— Work instruction —
Once you find the line with "a room with" in the entries below, print it and each line after it up to and including the line with "Hellgrüner Fleece-Overall mit", exactly, without pictures.

— Listed records —
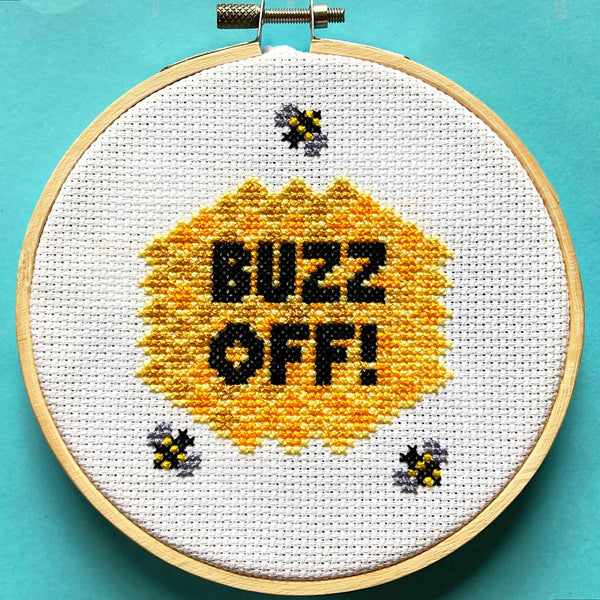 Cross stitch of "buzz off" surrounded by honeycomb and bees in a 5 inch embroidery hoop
==
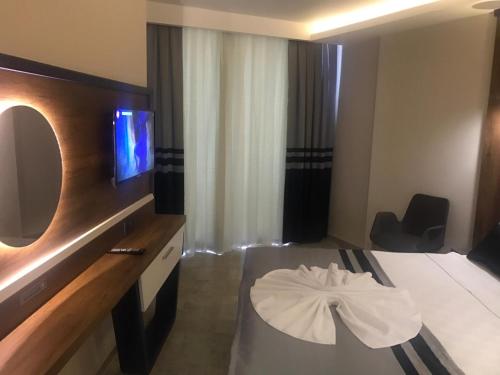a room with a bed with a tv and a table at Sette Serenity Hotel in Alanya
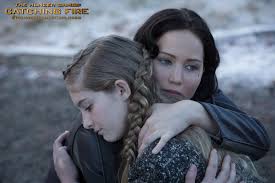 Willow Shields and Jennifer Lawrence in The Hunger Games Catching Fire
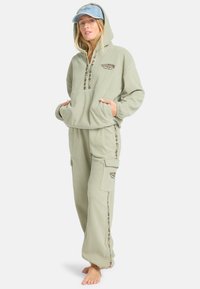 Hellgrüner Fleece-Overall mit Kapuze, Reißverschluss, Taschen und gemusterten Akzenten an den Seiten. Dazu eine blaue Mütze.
--
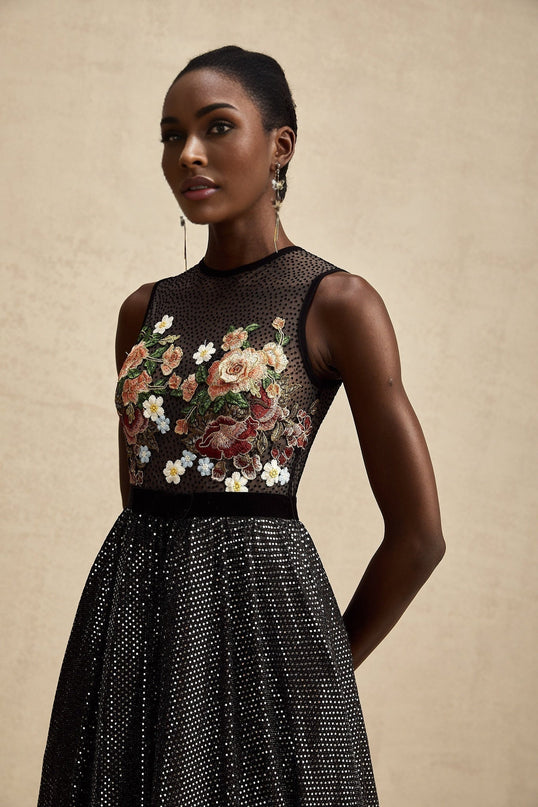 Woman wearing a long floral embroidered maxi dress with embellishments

— Solution to this task —
a room with a bed with a tv and a table at Sette Serenity Hotel in Alanya
 Willow Shields and Jennifer Lawrence in The Hunger Games Catching Fire
 Hellgrüner Fleece-Overall mit Kapuze, Reißverschluss, Taschen und gemusterten Akzenten an den Seiten. Dazu eine blaue Mütze.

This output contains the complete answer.